The 241 is financed by toll-revenue bonds, not taxes, and has been on the maps for decades. The Transportation Corridor Agencies, government agencies led by a board of elected officials, are planning the final 16 miles of the roadway. It will stretch from the current end of the 241 in rapidly growing eastern Orange County south to connect with Interstate 5 on Camp Pendleton.
The 241 is part of a regional solution to increased traffic. The San Diego Association of Governments, or SANDAG, has included the 241 in its transportation plan because it feels the road is an important addition regionally. It will be particularly helpful to residents in Northern San Diego County who use the I-5. That’s why officials from Escondido, Vista, San Marcos, Oceanside and Carlsbad are supporters. They have seen the negative impact of increased traffic on their residents and have personally experienced gridlock heading north on I-5 at all times of the day. Read comments from leading San Diegans here.
Tourism is a vital part of San Diego’s economy and many of the visitors come from Orange and Los Angeles counties. Crawling along I-5 surely doesn’t fit with anyone’s vision of a pleasant weekend getaway to San Diego. Without the 241 and growing congestion on I-5, there’s no question that visitors to San Diego will consider other destinations.

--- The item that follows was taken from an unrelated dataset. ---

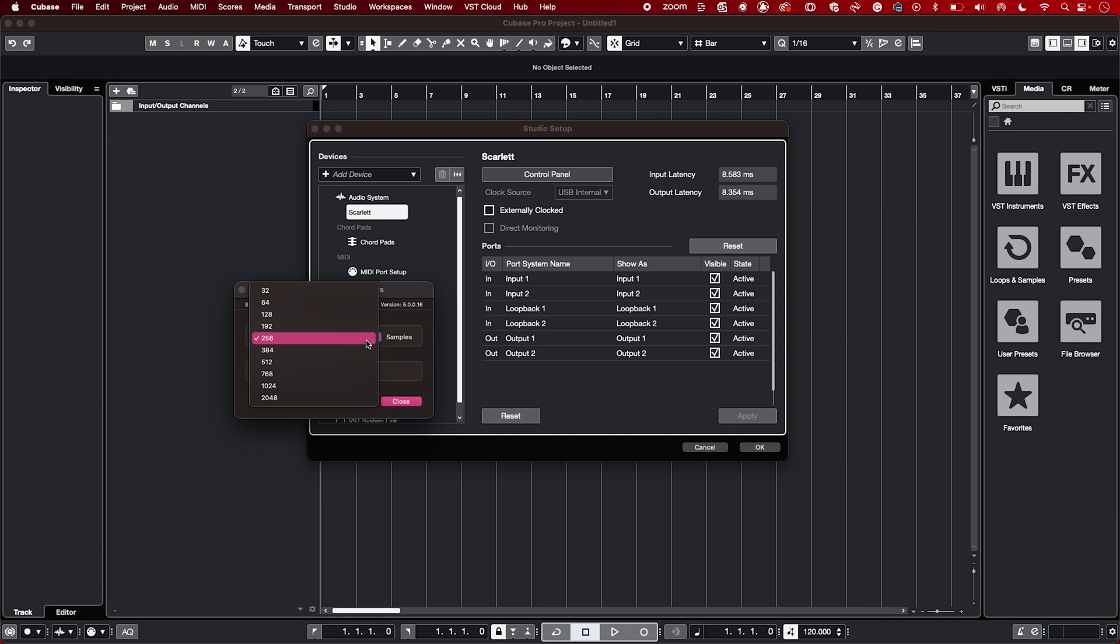Changing the Buffer Size can help you solve problems you come up against whilst recording. If you find that you're getting a slight delay whilst recording, referred to as latency, we suggest you reduce your Buffer Size.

In this discussion, we are hoping to get past the emotional misrepresentations and distortions that have crept into the public debate on this topic to look at the real facts. In early February, the California Coastal Commission voted against the project. The Transportation Corridor Agencies have appealed that decision to the federal Department of Commerce and we think once the Department of Commerce and others look at the facts of the route and the sensitivity in the planning every foot of the way that it will be approved. The plan protects all of our environmental resources, was designed so that the road doesn’t come any closer to the beach than a half-mile inland and will provide real traffic relief to the thousands stuck on Interstate 5.